Again from Horseshoe Flats...


----------



## LIONESS-270

Thanks Cutter!!!!! Its a great idea. I don't expect to win, but it will sure help me get up in the morning and enjoy the sunrises. This is our year to travel far and wide and photos are going to be a major part.
I see some very striking photos already.

Our back yard at sunup........Sunrise Bay. Lake CC.


----------



## Pod

This a great idea, I don't expect to win either but it is great to see everyone's photo's. There are some talented photographers on this site.

1. My Dad at Lake Livingston. 
2. On the beach in Cozumel with a cruise ship in the background.
3. My daughter and I at the lake.


----------



## rippin lips

Only one sunset ,but one special one


----------



## GinMan

Muley Doe close to sundown in Seminole, TX
Sunset near Cotton Gin Seminole, TX
Sunset off my Sister's back porch in Aliso Viejo, California


----------



## NaClH2O

All three of these were taken on 12-28-05 from my apartment balcony.


----------



## Mrs Backlasher

Here are a few.

1. Hawaiian Sunset
2. Kayaker's Sunrise on Salt Lake (Brazoria County)
3. Sunset at Cozamel

Mrs. B


----------



## MT Stringer

*Sunrise and sunset*

Three for me...
1) Full Stringer fishing the birds at sunset near the TC Dike
2) Trinity Bay sunrise
3) Double Bayou sunset
Mike


----------



## Mrs Backlasher

That photo of Full Stringer at sunset is one of my favorites!

Mrs. B


----------



## galbayfisher

*Contest is great*

Cutter, 
I like the idea of a contest, maybe could lead to a 2coolfishing calender next year.
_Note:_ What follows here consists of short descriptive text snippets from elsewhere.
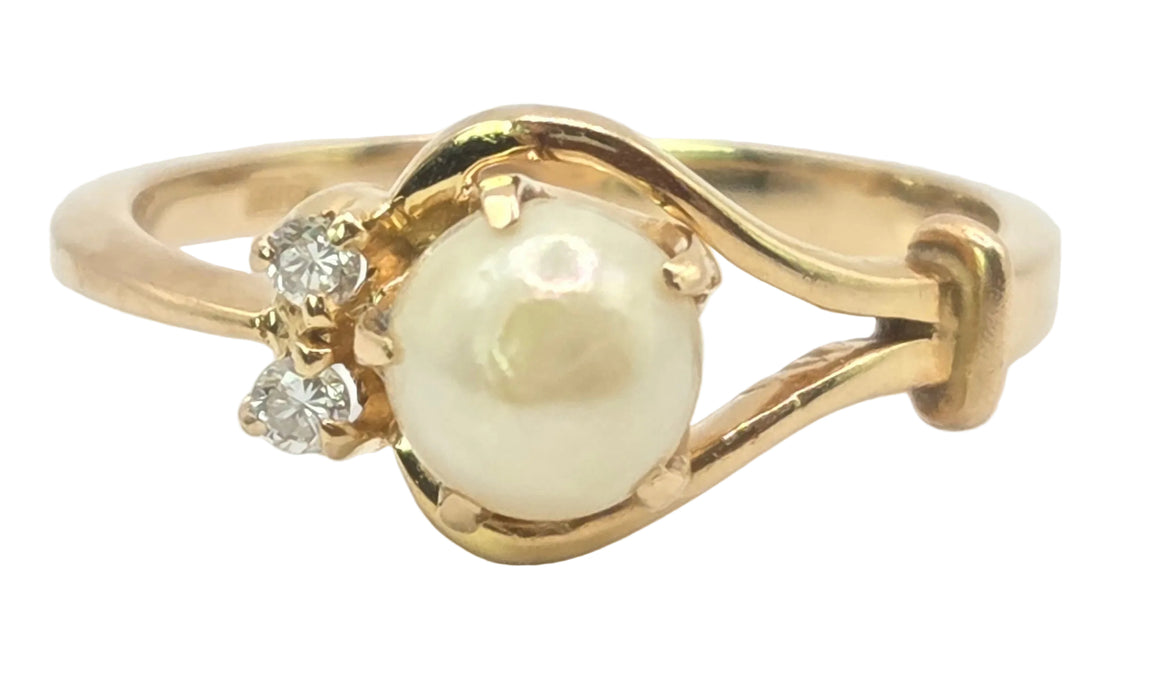3254 Vintage: 18ct Yellow Gold Pearl & Diamond Ring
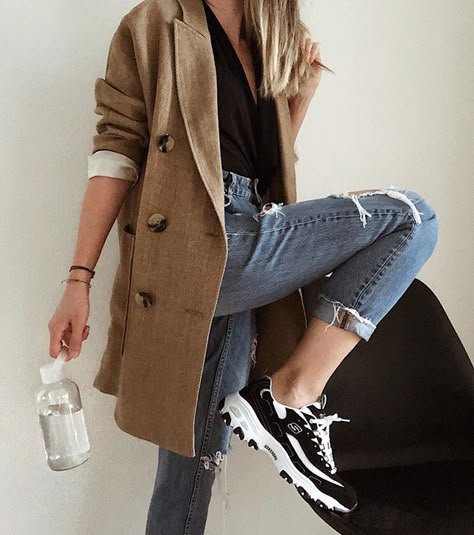 Black Sketchers Outfit, Skechers Dlites, Black Sneakers Outfit, White Skechers, Black Skechers, Black White Outfit, Cute Skirt Outfits, Looks Street Style, Cute Comfy Outfits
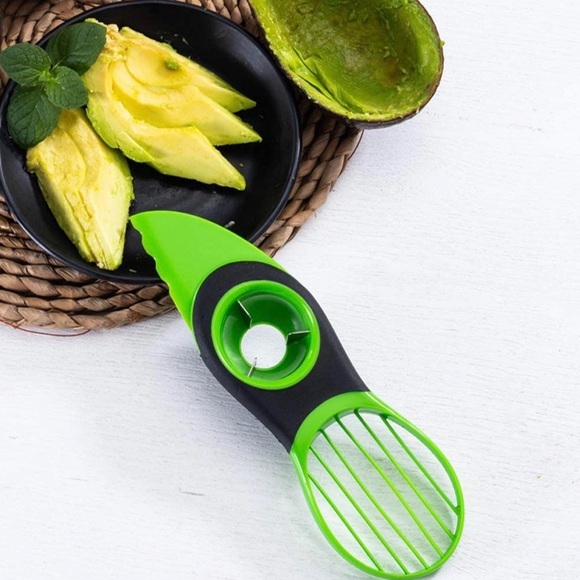 Avocado Slicer, 3-in-1 Cutter Tool Grip Handle - Picture 3 of 5
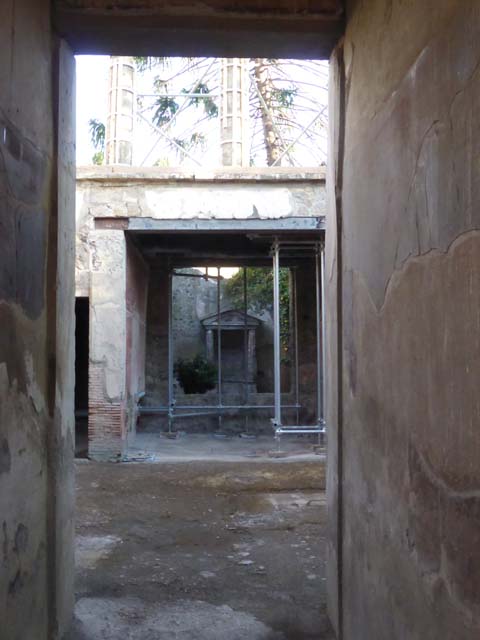 V.5 Herculaneum, September 2015. 
East side of atrium with corridor to rear rooms and garden, and north side of tablinum.

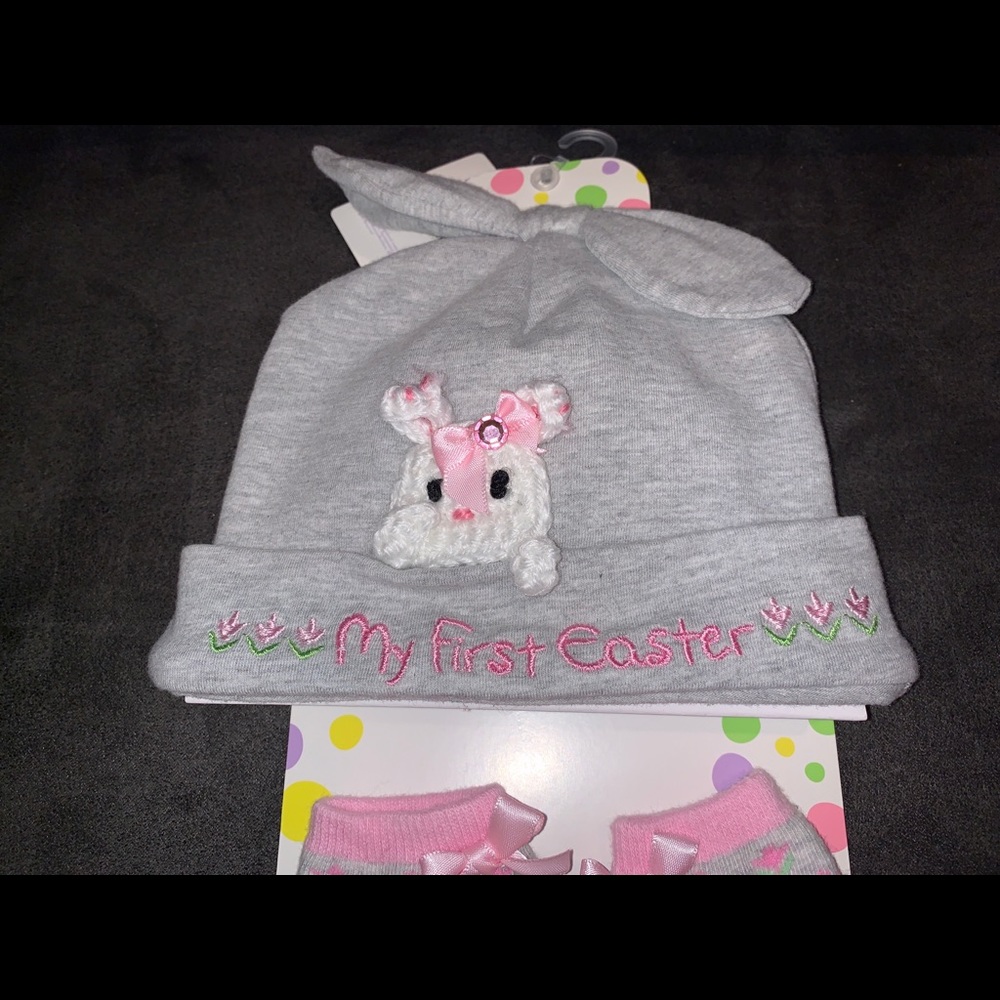 Easter hat & socks 🐰 - Picture 2 of 2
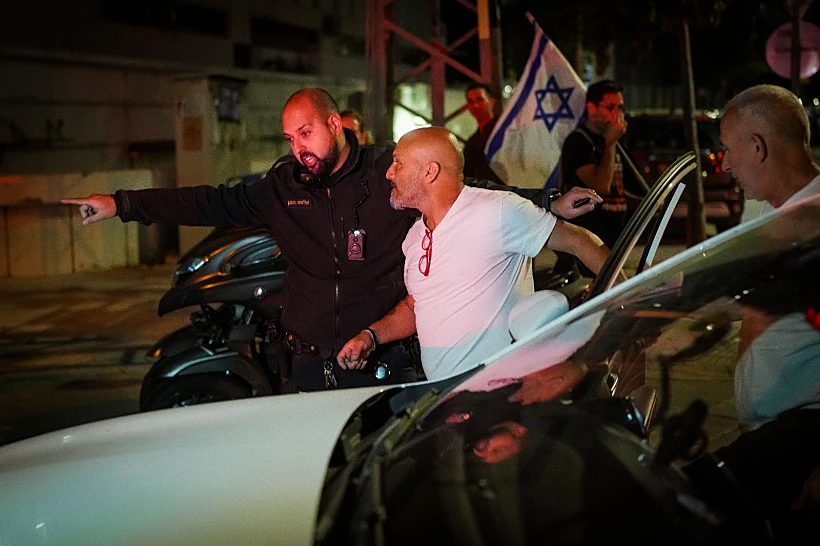 מעצרו של חיים סירוטקין, החשוד בדריסת המפגינים בתל אביב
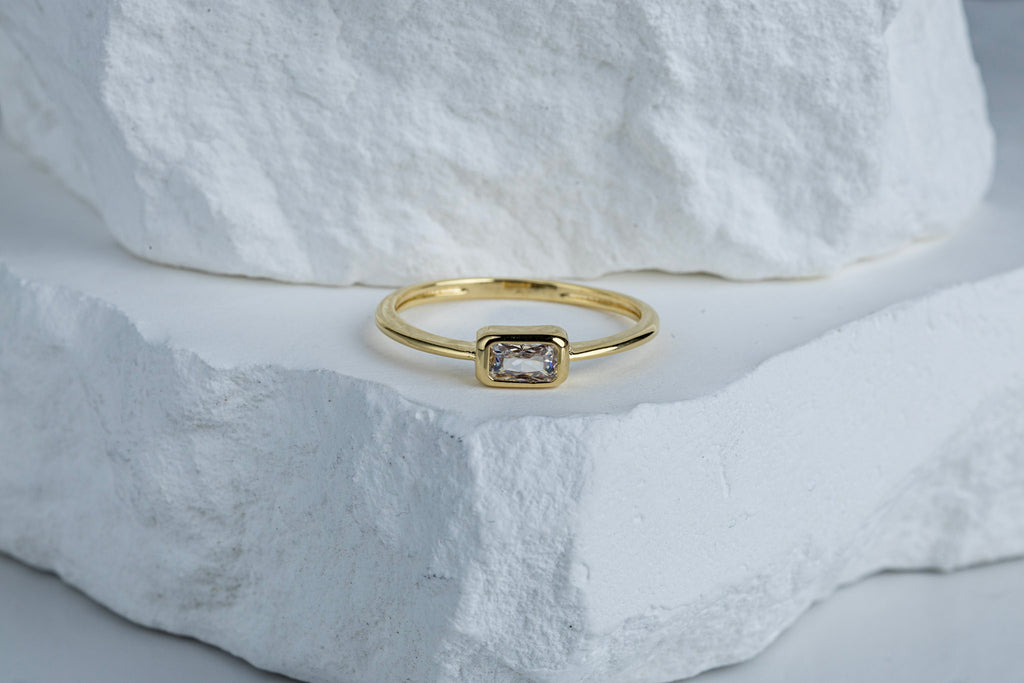 CAMi 18k Gold Filled Rectangle Solitaire Ring – Minimalist, Sparkling & Handcrafted in Brazil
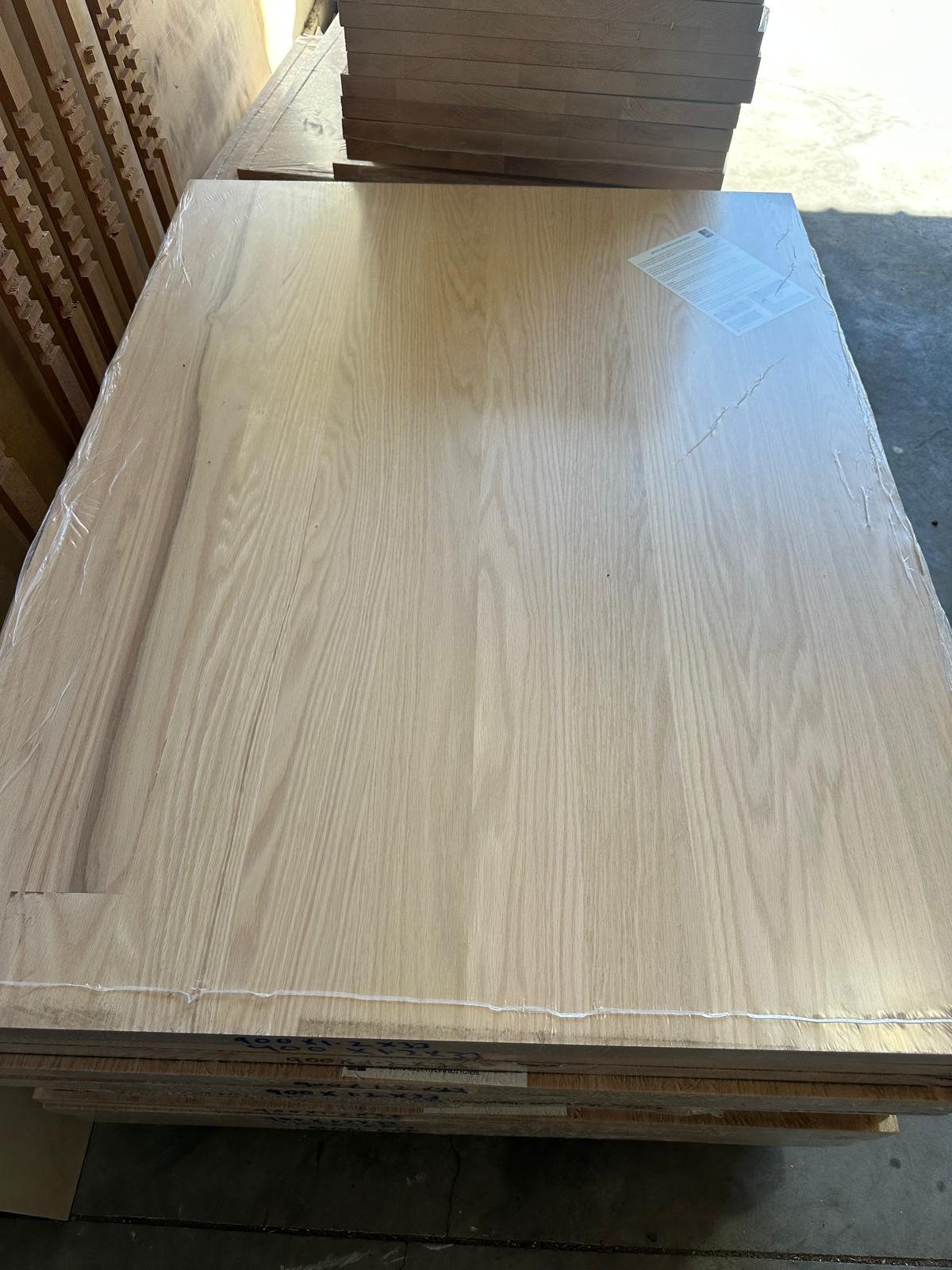900x33mm American Oak Benchtop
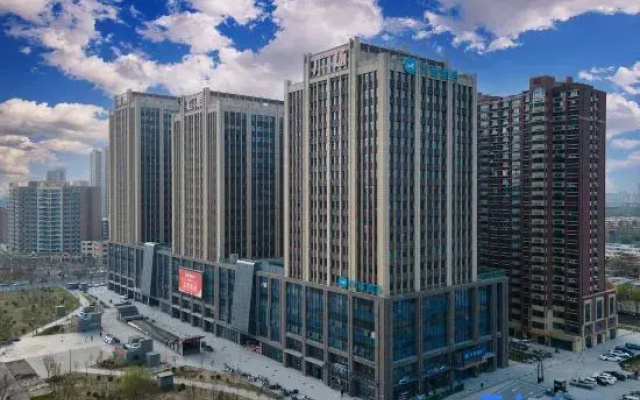 HanTing Hotel (Xingtai Yigou Qixi Plaza Tianyi City)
One thing tho. January hasn't started yet and look at the number of pics submitted. Scrolling through the pics later could be quite a chore. Suggestion:

1) one pic, MAYBE two per person, per month.
2) can these pics be displayed all at once on the same page at the end of the month to make the picking easier? (Mont, help!)


----------



## bludaze

Wow ! some great shots ! The contest is a very good idea. Herre's a few mrs bludaze took


----------



## seawings

*Sunset / Sunrise:*

Here are three taken on trips:

First shot is over Alaska at sunset
Second shot on Hilton Head beach in the morning.
Third shot is sunrise over the Atlantic


----------



## Aquaholic

*Here is some of my favorites*

1. tHe gulf 20 miles out sunrise
2. the gulf 120 miles out sunrise
3. Daughter SPI sunset


----------



## pelican

Two of my favorites ... looking for #3

1 - Texas City from the Dike at Sunset
2 - Shark Fishing Sunrise at West Beach


----------



## MarcusT

Texas Panhandle&#8230;Wide open spaces&#8230;&#8230;..


----------



## Txfirenfish

*Front Line*

Taken with a camera phone so quality isnt great. Pic is of a Military C5 at Southeast Texas Regional Airport around dusk on Thursday 9/22/05. Cloud line you see above is the front edge of Rita. We had continuous cloud coverage after this with the winds starting to pick up the next morning of 9/23/05.


----------



## chicapesca

*One sunrise and two sunsets...*

The first picture is a sunrise in the Upper Laguna Madre.
The second picture is a sunset in the Land Cut at Nine Mile Hole.
The third picture is a sunset at Devil's Elbow near Whitaker's Flat.


----------



## Freshwaterman

*Ok........*

Very cool idea. Nice pics people!!!!!!!! Here's mine.

Later.......Kelly


----------



## pelican

Man, I love sunsets ... very nice, folks ...


----------



## drred4

*Texas hill country*

Sunrise in Doss Texas

Damian


----------



## limey

*Breckenridge, CO*

Outside of the condo.


----------



## kdubya

1) Sunset in POC from the "middle grounds.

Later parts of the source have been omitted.